Source records:

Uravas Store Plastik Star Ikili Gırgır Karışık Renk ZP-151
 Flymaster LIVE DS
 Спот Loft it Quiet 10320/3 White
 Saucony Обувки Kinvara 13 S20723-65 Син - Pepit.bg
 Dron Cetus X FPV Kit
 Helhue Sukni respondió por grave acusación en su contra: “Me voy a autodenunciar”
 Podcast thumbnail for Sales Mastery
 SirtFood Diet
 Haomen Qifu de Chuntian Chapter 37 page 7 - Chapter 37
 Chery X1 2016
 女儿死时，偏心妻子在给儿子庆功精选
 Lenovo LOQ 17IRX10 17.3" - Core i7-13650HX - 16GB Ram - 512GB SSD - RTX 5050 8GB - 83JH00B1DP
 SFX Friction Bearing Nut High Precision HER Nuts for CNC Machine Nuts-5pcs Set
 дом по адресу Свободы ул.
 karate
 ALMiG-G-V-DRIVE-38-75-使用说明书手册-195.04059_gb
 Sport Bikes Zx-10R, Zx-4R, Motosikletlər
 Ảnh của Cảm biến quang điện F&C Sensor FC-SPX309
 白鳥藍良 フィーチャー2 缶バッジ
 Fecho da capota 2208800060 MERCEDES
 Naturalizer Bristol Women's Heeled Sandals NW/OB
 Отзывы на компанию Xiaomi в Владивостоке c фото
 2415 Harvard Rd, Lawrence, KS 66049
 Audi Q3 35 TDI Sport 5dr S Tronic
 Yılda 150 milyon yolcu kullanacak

Work order: Across the whole listing above, state how many lines contain "Sport". Only the number is wanted.

Reply: 2